How the Data Get Analyzed
The statistical tools for within-subjects data reflect the design’s structure. For two conditions, a paired t-test compares each person’s score under one condition to their score under the other. You’re essentially analyzing the difference scores, reducing the problem to a one-sample test.
For three or more conditions, a repeated measures ANOVA extends this logic. It accounts for the correlation between measurements taken from the same person at different time points, something a standard ANOVA ignores. That correlation is precisely what gives the design its power: it’s not coincidence that the same person’s scores are related, and the analysis takes advantage of that structure.
When the data aren’t normally distributed, Friedman’s test serves as a nonparametric alternative. For more complex designs with multiple factors or uneven time points, linear mixed-effects models offer the most flexibility. These modern approaches handle missing data and unbalanced designs more gracefully than traditional repeated measures ANOVA.
When to Use Each Design
A within-subjects design works well when the conditions are brief, reversible, and unlikely to permanently change the participant. Taste tests, perceptual experiments, and cognitive tasks where you can measure reaction time under different conditions are classic applications. It’s also a natural fit for tracking change over time, like measuring symptoms before and after treatment.
It works poorly when exposure to one condition makes it impossible to return to baseline. You can’t teach someone a skill and then un-teach it for the control condition. Studies involving surgery, permanent interventions, or knowledge-based outcomes often need a between-subjects approach.

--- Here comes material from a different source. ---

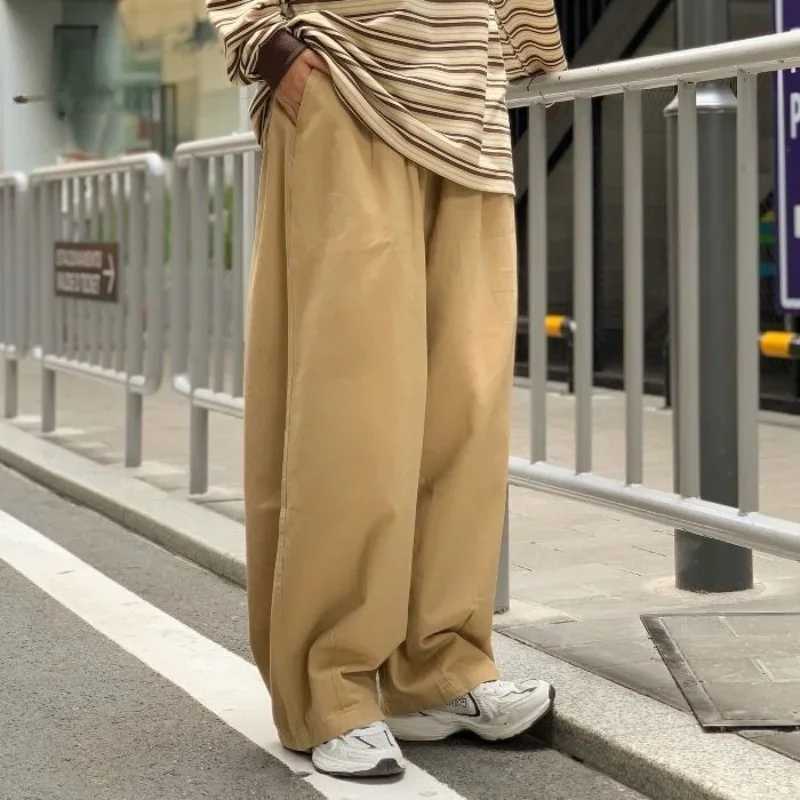 100 Cotton Baggy Pants Men Wide Leg Oversize Japenese Y2k Ankle-length Long Harem Trousers Casual Sport Old Money Vintage M260328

The same is true when the risk of participants guessing the study’s hypothesis increases with each condition they experience.
Many real experiments use mixed designs, combining both approaches. One factor might be within-subjects (every participant is measured at multiple time points) while another is between-subjects (participants are assigned to a drug group or a placebo group). This hybrid approach captures the power benefits of repeated measurement while keeping treatment groups separate where carryover would be a problem.